On Twitter, the Russian Embassy in France on Wednesday compared the Ukrainian city of Boutcha to a “film set”. The tweet, which has since been deleted, has outraged all the way to the top of the state.
The photo posted by the Russian embassy’s official account showed several journalists walking down a street in Boutcha, some stopping to take a picture of a lost cat amid the rubble. “Filming set, city of Boutcha,” the caption cynically read.

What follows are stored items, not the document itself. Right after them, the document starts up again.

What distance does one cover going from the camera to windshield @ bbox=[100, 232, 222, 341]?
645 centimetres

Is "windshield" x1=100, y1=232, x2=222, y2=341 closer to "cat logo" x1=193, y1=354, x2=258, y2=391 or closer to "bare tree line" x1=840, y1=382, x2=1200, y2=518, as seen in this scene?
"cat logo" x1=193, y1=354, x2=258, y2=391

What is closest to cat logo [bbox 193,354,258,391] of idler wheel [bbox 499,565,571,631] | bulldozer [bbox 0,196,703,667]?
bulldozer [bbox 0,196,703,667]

With this message, the Russian embassy thus relayed the version of the Kremlin according to which the exactions discovered on Ukrainian civilians in Boutcha would be the fruit of a Western staging.
The publication immediately provoked outrage in France. “Beyond the shame, stop,” reacted on Twitter the Secretary of State for European Affairs, Clément Beaune.
Russian ambassador summoned
This Thursday morning, Foreign Minister Jean-Yves Le Drian announced that he had summoned the Russian ambassador to France, “in the face of the indecency and provocation” that this publication constitutes.
Faced with the indecency and provocation of the communication from the Russian Embassy in France on Bucha’s abuses, I decided to summon the Russian Ambassador to the Quai d’Orsay this morning.
— Jean-Yves Le Drian (@JY_LeDrian) April 7, 2022
“We will continue to fight against all Russian manipulation of information on the war in Ukraine,” added the minister.
Very active on Twitter since the beginning of the war, the Russian embassy is not its first provocation. On March 25, the ambassador was already summoned to the Ministry of Foreign Affairs after the publication of insulting cartoons. One of them showed Europeans on their knees licking the buttocks of Uncle Sam, a character embodying the United States.